Continuando “em altas” entram os Couple Coffe com Júlio Pereira para tocar Alípio de Freitas, canção escrita por Zeca e dedicada a este activista e à sua família quando ele esteve preso pela CIA, durante a Ditadura Brasileira, musicalmente foi um fabuloso “duelo” de virtuosos, Norton Daiello no Baixo, Júlio Pereira no Bandolim e Luanda Cozzeti (filha de Alípio de Freitas) na voz que vai controlando a “viagem” dos músicos, enquanto controla os próprios sentimentos e os vai guiando pelo caminho. O segundo tema foi Vampiros, mais uma vez com um excelente sabor tropical temperado pelo bandolim de Pereira.
João Afonso veio novamente ao palco para cantar Utopia, Papuça e Entre Sodoma e Gomorra já acompanhado de Júlio Pereira e Luís Pastor, e claro cada vez que aparece este homem, parece que a festa vem com ele e “ainda por cima” contagia todos os que estão à sua volta.
Uxía, “a portuguesa, mais Galega de Portugal”, como por brincadeira a descreve João Afonso, canta O Menino do Bairro Negro e traz-me à memória um concerto que vi dela em 2005 no Festival de Ortigueira, onde já me tinha enchido de emoção ouvi-la a cantar Zeca, tal como aconteceu agora em Tondela. Adorei o seu “Viv’ó Zeca Afonso!” depois de nos contar a forma como lá na Galiza o sentem, o cantam e ouvem ainda hoje, bares inclusive e a forma como ele dizia que a “Galiza era a sua Pátria Espiritual”. Depois cantou Verdes São os Campos, poema de Luís de Camões, musicado por Zeca e por ela dedicado à ACERT.
Zeca Medeiros entra em palco para cantar Vejam Bem, como só ele sabe. Logo de seguida convida para o acompanharem no palco o Zé Rui, a Uxía, o Manuel Freire e o Francisco Fanhais, a canção é O Cantador, feita por Medeiros para homenagear Zeca Afonso.
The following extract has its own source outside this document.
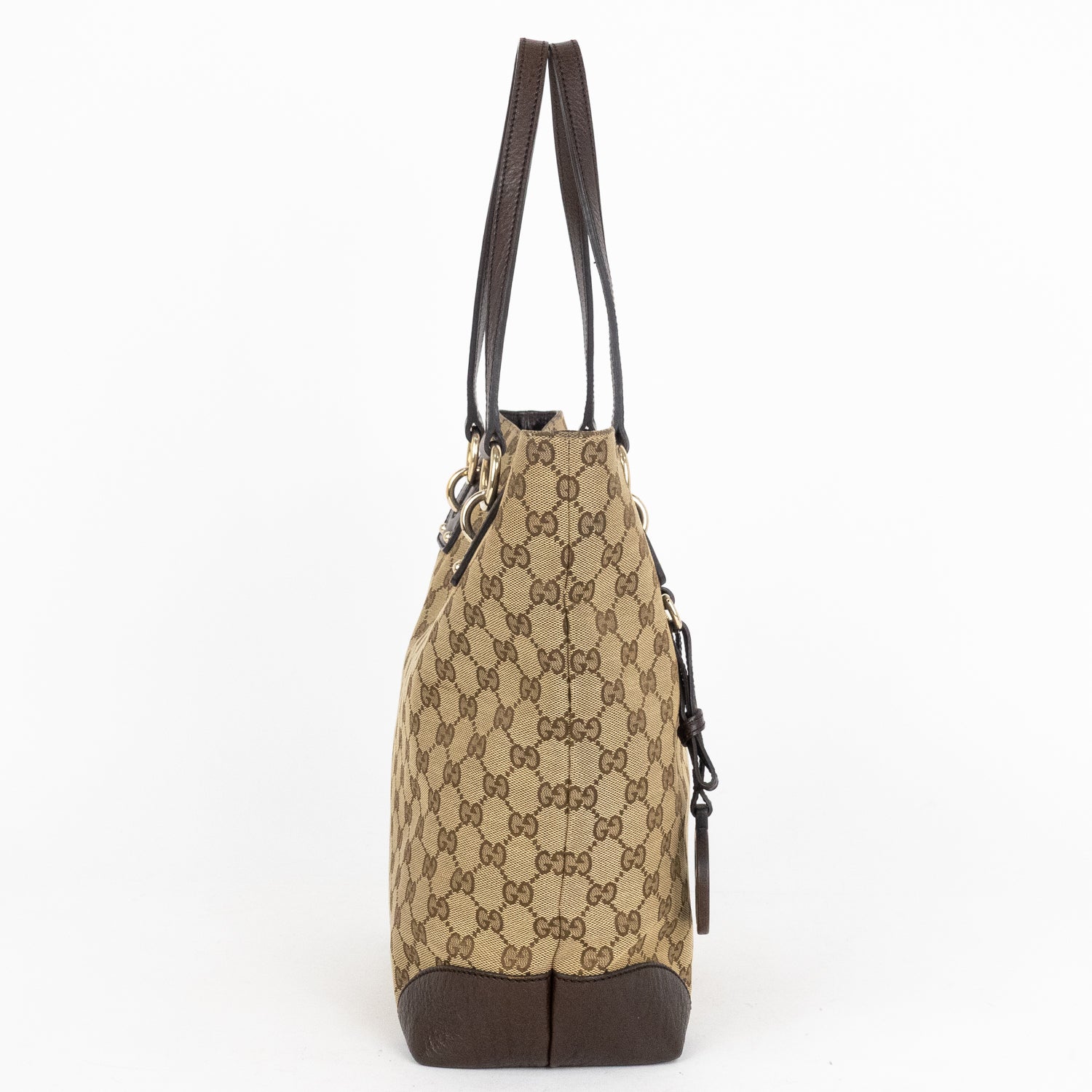 Medium Charm Tote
Vitorino sobe ao palco acompanhado de Sara Vidal para cantar Carta a Miguel Djéjé, seguiu-se uma pequena história saborosa passada por Vitorino e outros amigos na região de Tondela que serviu como excelente introdução ao tema Traz outro Amigo Também.
A apoteose estava a chegar e claro faltava o Venham Mais Cinco e com todos a serem chamados ao palco previa-se um final estrondoso. Claro que foi melhor que qualquer previsão, a festa e a alegria generalizou-se e passou do palco para o público e do público o para o palco.
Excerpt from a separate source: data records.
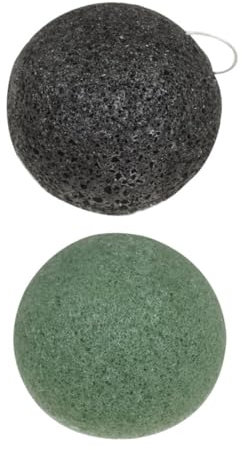 4 Piezas Lavado De Cara Esponja De Limpieza Reutilizable Esponja De Lavado Facial Esponja Desmaquillante Esponjas Para Limpiar Spa Utensilio Para Aplicar Algo Chica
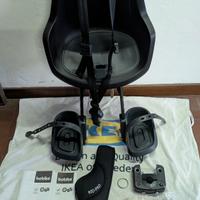 Bobike Seggiolino Bici anteriore- ONE mini 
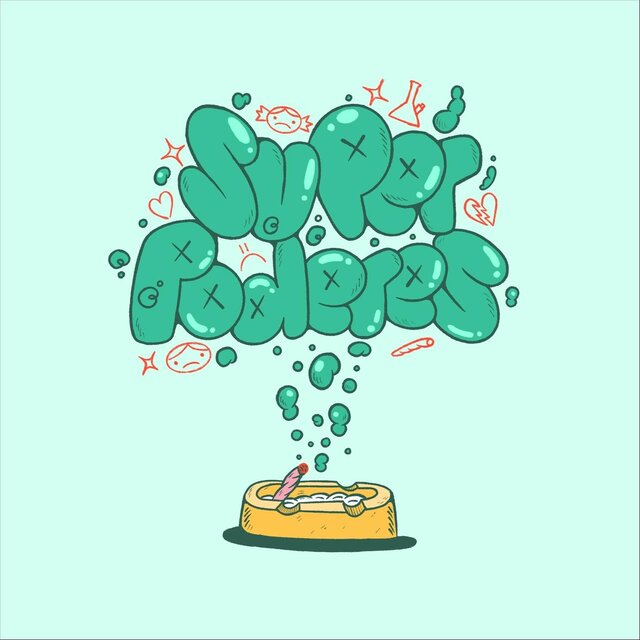 Super Poderes
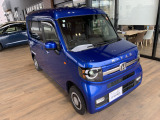 N-VAN +スタイル ファン 4WD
Foi uma saudável contaminação de alegria quase anárquica, como eu há muito não me lembrava de ver.
Antes de rematar o concerto, o Presidente a Associação José Afonso (AJA), Francisco Fanhais, partilhou uma carta de 1984 que Zeca escreveu a uns amigos de Braga que o homenagearam na altura e por fim foi cantado o Grândola Vila Morena a plenos pulmões, por artistas e público.
Uma coisa já está garantida, esta Terra da Fraternidade vai ficar para sempre na minha memória e acredito que também na de todos os que tiveram a felicidade de lá estar.
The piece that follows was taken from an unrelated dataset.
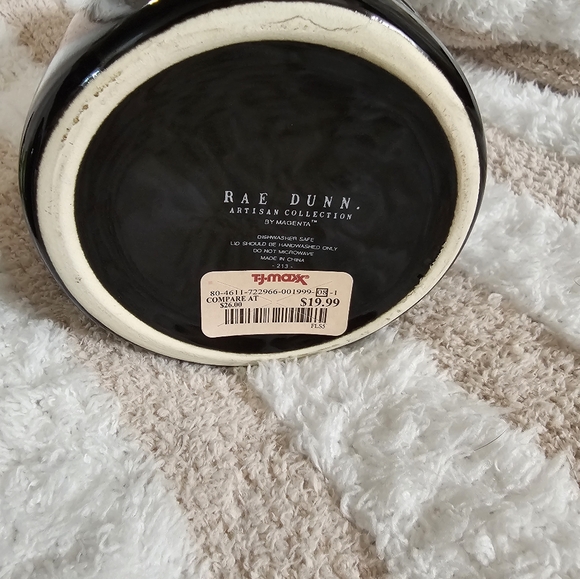 Rae dunn witch please - Picture 3 of 3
Obrigado ACERT e Parabéns por terem tornado isto possível!

1 comentário:

Unknown disse...

Bela e prazenteira noite aquela, que como o Nuno tão bem descreveu, o Acert nos proporcionou a todos aqueles amigos, sentir emocionadamente a música do maior autor da música moderna Portuguesa, aquele que nunca cedeu um milimetro nos seus valores, ...

Um pequeno reparo na crónica do Nuno, falta referencia ao último artista, que nos proporcinou após o concerto momentos de muito boa dança, apenas e só com boa música Portuguesa, ainda bem que há alguem que resista Um abraço DJ Johnny Red.